In football, Francis “Fran” Tarkenton, the legendary quarterback for the Minnesota Vikings during the 1970s, was known for scrambling before launching his desperation passes. In Puerto Rico’s restructuring game, the quarterback is Jim Millstein, a former chief restructuring officer for the U.S. Treasury, who is scrambling to meet the demands of some 18 creditor groups. He has been fleet of foot—it has yet to be seen if they have tired and are coming to grips with the fact that they will be grinding it out as the clock expires. There will be no Hail Mary pass—not in the U.S. Supreme Court where the recent hearing of oral arguments over the enforceability of the Debt Enforcement & Recovery Act looms large in the outcome of this contest. A decision favoring the Recovery Act would grant the commonwealth a mechanism to restructure its public corporations’ debt.

No one should wish the untimely passing of friend or foe—but deep down, the plaintiffs must have felt the planets aligning when Justice Antonin Scalia moved to a higher judicial plane. Scalia was known for carrying the torch of originalism, bound to interpreting the U.S. Constitution according to the original meaning penned by the document’s drafters; he did not see the Magna Carta as a living, breathing document.

Scalia is no doubt in a better place, just as the chances of overturning the appellate court’s ruling have improved as the balance of justices who seem likely to side with the defendants have shifted with his death.

There are several possible scenarios in the high court—the Supremes could order the Recovery Act’s validation by the appellate court.

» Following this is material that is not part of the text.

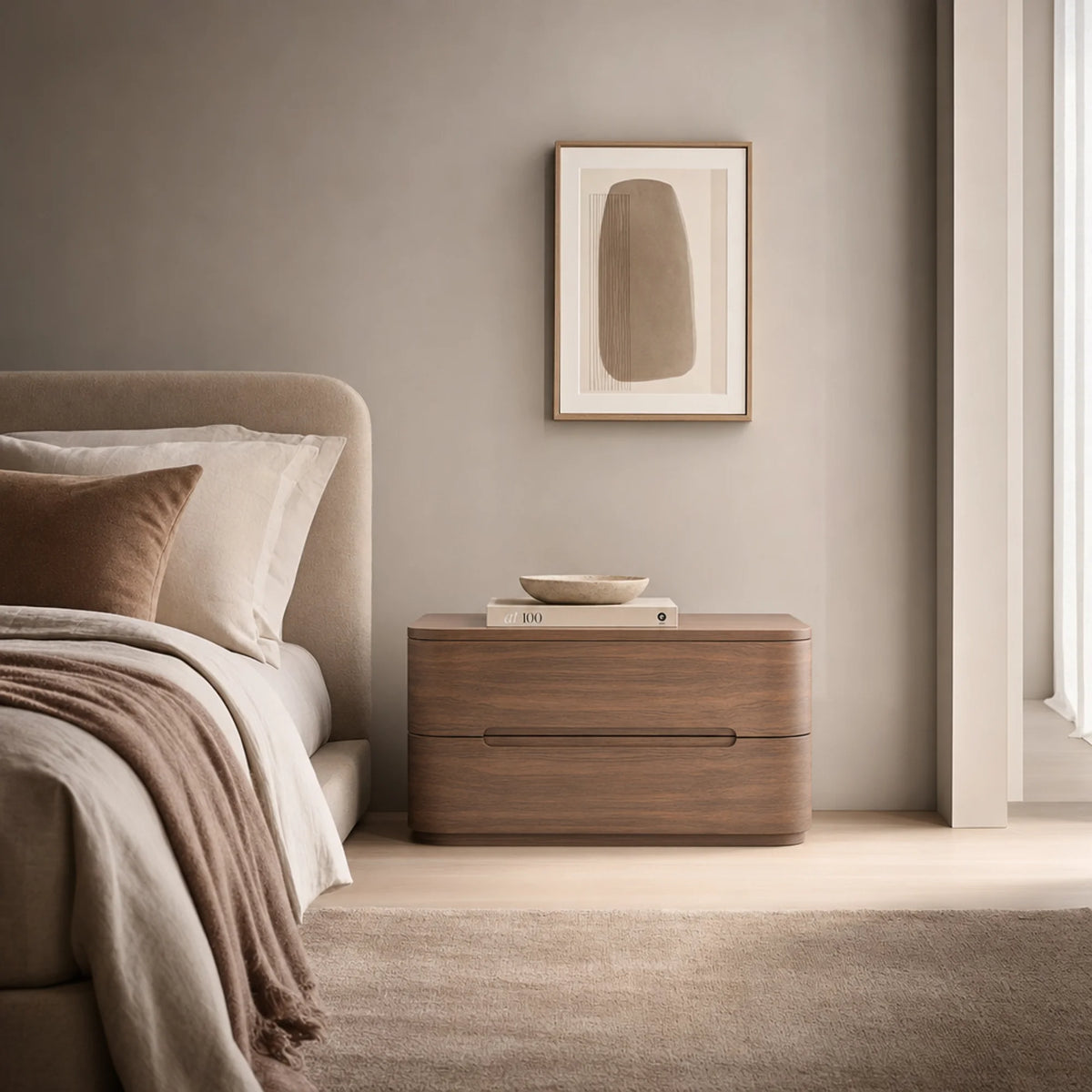 Surf ME0062 Bedside Table - Tokio-2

The nine (now seven, actually, because of Scalia’s death and Judge Samuel Alito recusing himself) could send it back to the appellate court and ask for a reconsideration. The one thing that seems certain is that the Supremes will not act in time to help the severely decapitalized Government Development Bank to meet its debt-service payment on May 2.

Then there’s Congress, which has a huge audience holding its collective breath in anticipation of draft legislation to be formally submitted this week. As this newspaper was going to press, Rep. Rob Bishop (R-Utah) was to have filed a draft of a measure—leaked to the New York Times as a trial balloon—that is certain to draw staunch opposition from Democrats in the Senate who have been aggressively lobbied to defeat the bill. Their opposition traces to very onerous covenants in the text that promise to be voted down.

There will be no Hail Mary pass before May 2 and few people seem hopeful that more time will be put on the clock so that creditors and the commonwealth can grind it out. No matter what, this is unavoidable: consensual restructuring and moratoriums will come into play until the mess can be figured out.